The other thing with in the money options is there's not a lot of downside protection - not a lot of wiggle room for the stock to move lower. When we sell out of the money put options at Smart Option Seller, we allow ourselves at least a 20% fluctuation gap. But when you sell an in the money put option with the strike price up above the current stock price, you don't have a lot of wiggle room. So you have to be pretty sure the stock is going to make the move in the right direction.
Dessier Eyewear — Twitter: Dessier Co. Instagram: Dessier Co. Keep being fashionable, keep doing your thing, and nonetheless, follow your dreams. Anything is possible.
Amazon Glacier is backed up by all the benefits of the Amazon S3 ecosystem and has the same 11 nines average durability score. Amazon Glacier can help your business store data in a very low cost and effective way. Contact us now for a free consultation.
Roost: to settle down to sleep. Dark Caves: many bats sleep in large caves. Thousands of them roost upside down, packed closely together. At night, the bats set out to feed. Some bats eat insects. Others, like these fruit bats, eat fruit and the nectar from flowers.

_ _ _ _ _

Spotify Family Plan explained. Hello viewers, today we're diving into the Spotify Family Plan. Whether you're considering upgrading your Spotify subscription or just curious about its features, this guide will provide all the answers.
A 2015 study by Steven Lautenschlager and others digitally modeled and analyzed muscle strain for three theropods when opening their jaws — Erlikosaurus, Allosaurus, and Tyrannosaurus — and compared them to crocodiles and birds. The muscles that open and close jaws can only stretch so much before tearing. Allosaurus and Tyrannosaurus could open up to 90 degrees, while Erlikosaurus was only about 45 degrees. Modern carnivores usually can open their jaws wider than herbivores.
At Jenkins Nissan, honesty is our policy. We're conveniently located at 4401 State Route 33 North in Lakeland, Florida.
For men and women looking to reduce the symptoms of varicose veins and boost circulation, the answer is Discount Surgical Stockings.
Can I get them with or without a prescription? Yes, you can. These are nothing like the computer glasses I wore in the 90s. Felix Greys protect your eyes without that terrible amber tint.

_ _ _ _ _

Problem statement:
Show each line of the material that includes the string "when" by copying it.

Answer to this problem:
The other thing with in the money options is there's not a lot of downside protection - not a lot of wiggle room for the stock to move lower. When we sell out of the money put options at Smart Option Seller, we allow ourselves at least a 20% fluctuation gap. But when you sell an in the money put option with the strike price up above the current stock price, you don't have a lot of wiggle room. So you have to be pretty sure the stock is going to make the move in the right direction.
A 2015 study by Steven Lautenschlager and others digitally modeled and analyzed muscle strain for three theropods when opening their jaws — Erlikosaurus, Allosaurus, and Tyrannosaurus — and compared them to crocodiles and birds. The muscles that open and close jaws can only stretch so much before tearing. Allosaurus and Tyrannosaurus could open up to 90 degrees, while Erlikosaurus was only about 45 degrees. Modern carnivores usually can open their jaws wider than herbivores.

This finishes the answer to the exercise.